Could you copy exactly the lines below, beginning at the line with "2024 Chevrolet Silverado 2500 HD ZR2" and stopping after the line with "A Guitar Story", with no pictures?

Given information section start

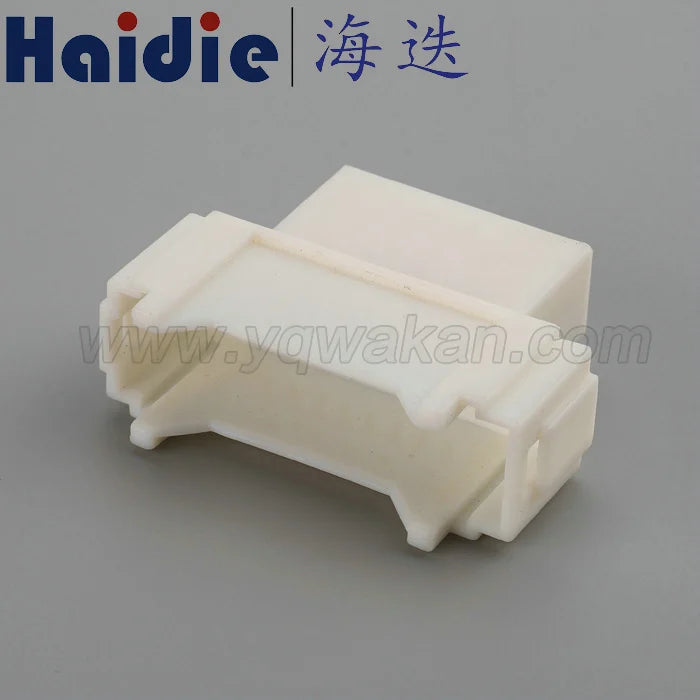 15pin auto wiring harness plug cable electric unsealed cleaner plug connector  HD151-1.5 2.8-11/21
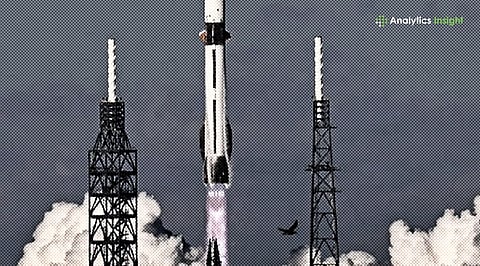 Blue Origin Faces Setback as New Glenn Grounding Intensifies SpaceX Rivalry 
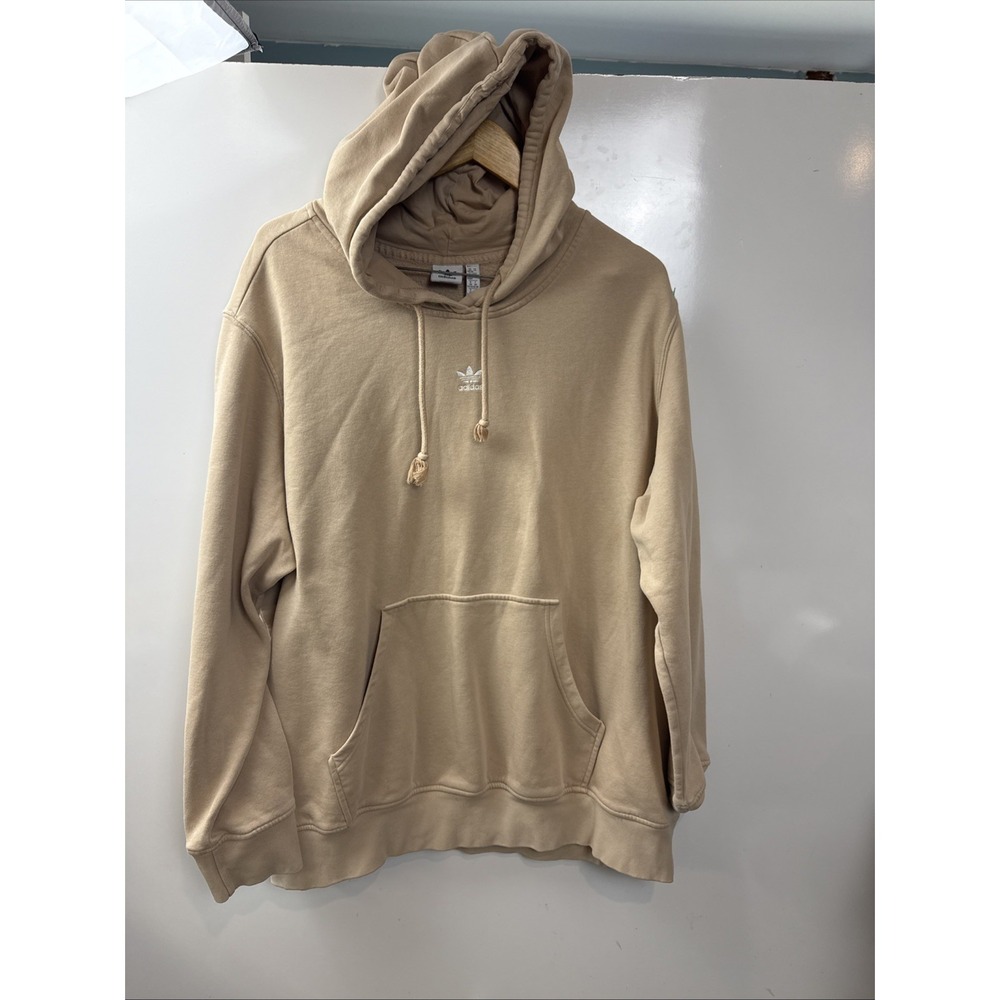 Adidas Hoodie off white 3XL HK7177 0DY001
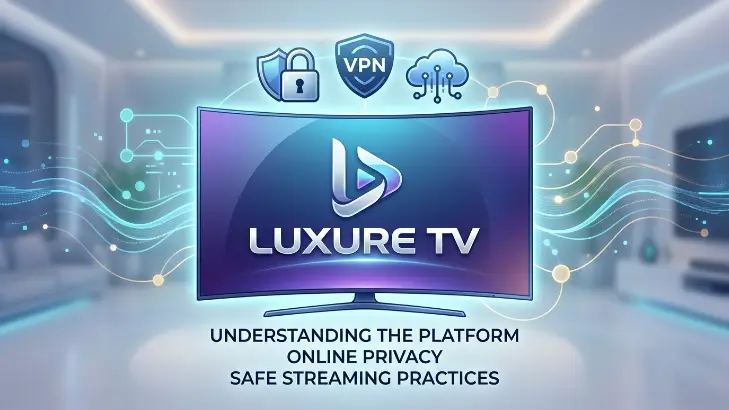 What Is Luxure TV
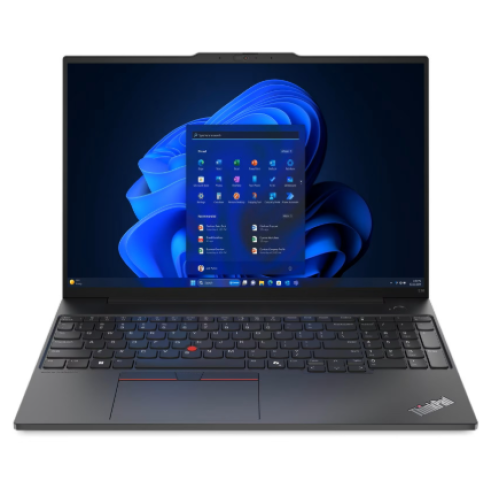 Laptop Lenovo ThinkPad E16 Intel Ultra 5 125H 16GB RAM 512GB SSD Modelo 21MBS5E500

Given information section end
Given information section start

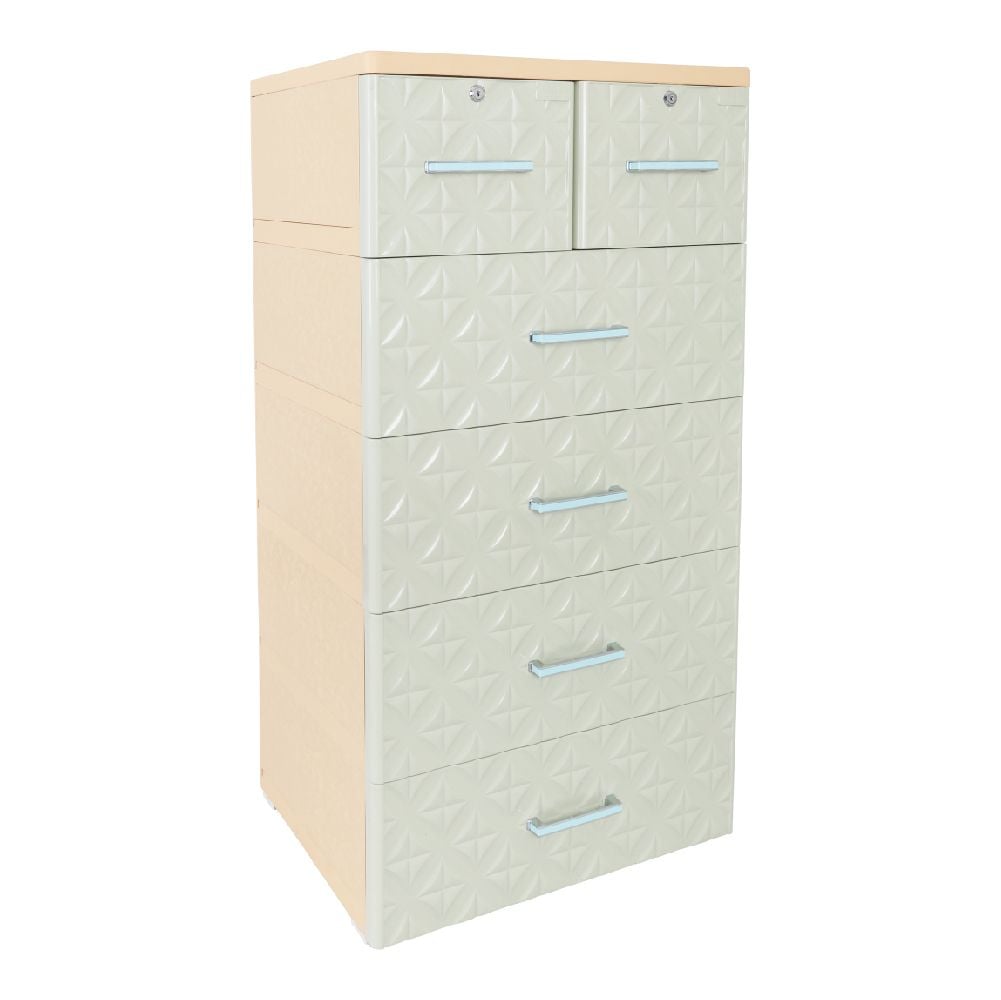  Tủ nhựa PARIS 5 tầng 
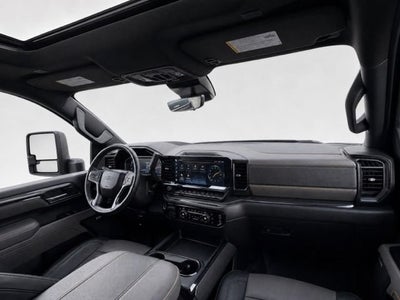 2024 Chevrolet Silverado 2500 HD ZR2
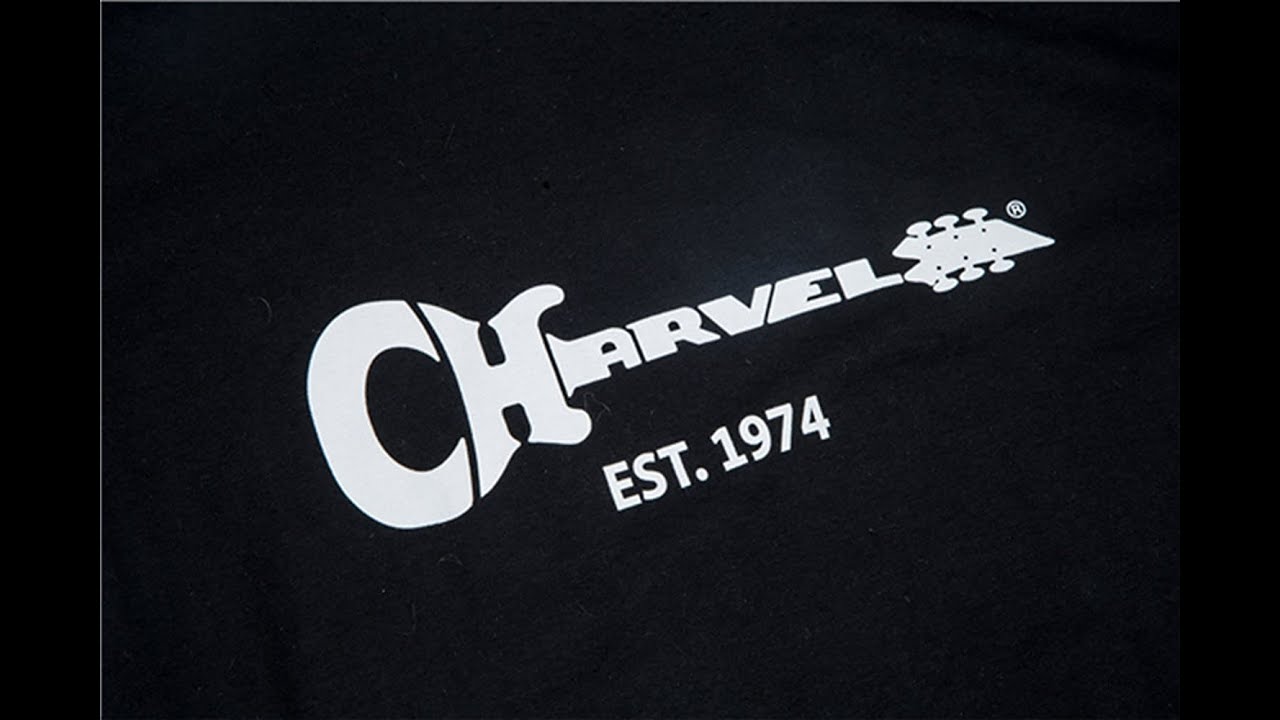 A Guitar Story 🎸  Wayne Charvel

Given information section end

Expected output —
 2024 Chevrolet Silverado 2500 HD ZR2
 A Guitar Story 🎸  Wayne Charvel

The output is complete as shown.